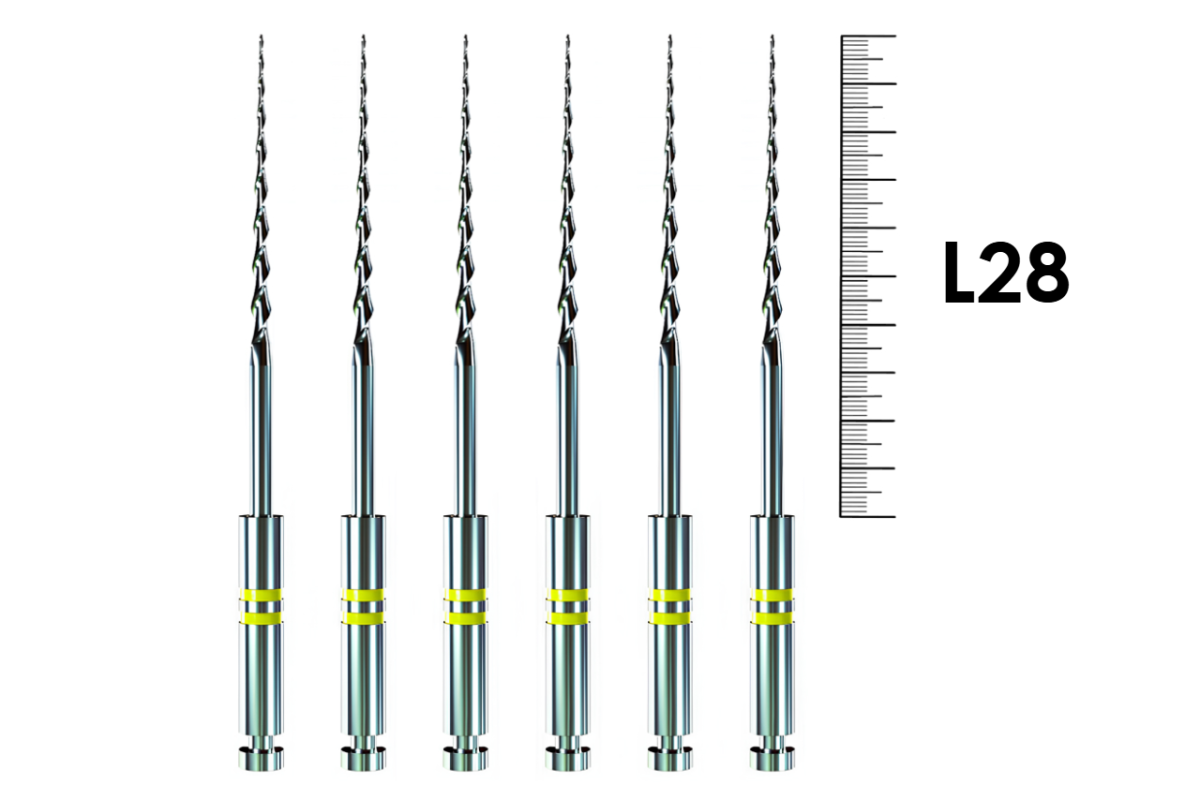 E3 Small Apical Rotary System 28мм .06 №20 (6 шт), EndoStar - машинные файлы
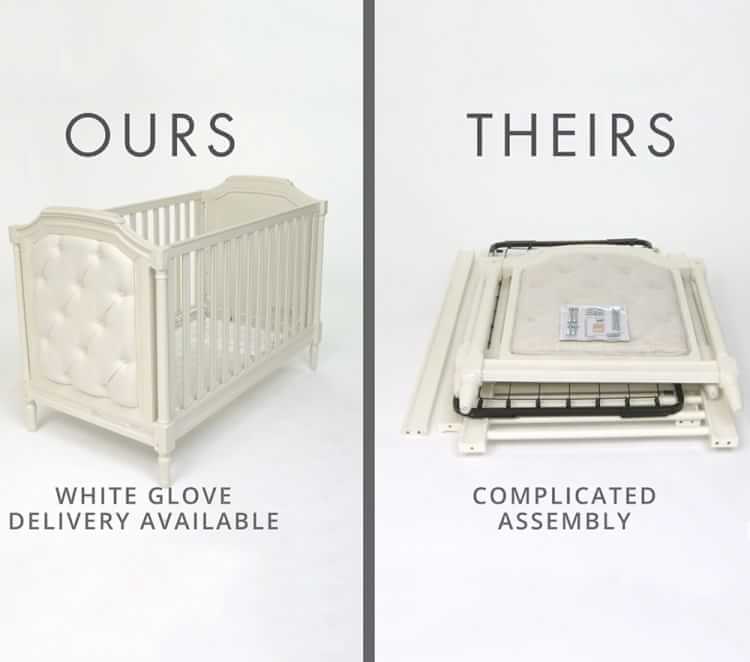 pottery barn kids blythe crib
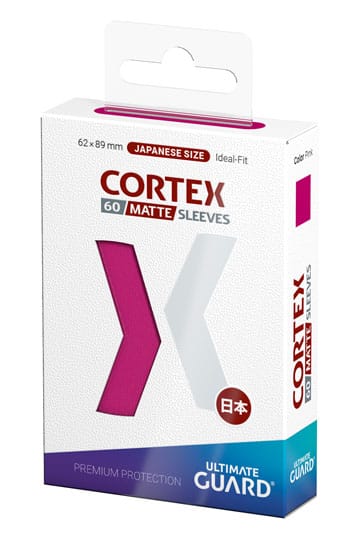 Ultimate Guard Cortex Sleeves Matte Japanese Size (60) - Pink - Loaded Dice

# [Problem]
With the pictures excluded, restate word for word each line from the one that contains "pottery barn kids blythe crib" through the last line of the listing above.

# [Problem solution]
 pottery barn kids blythe crib
 Ultimate Guard Cortex Sleeves Matte Japanese Size (60) - Pink - Loaded Dice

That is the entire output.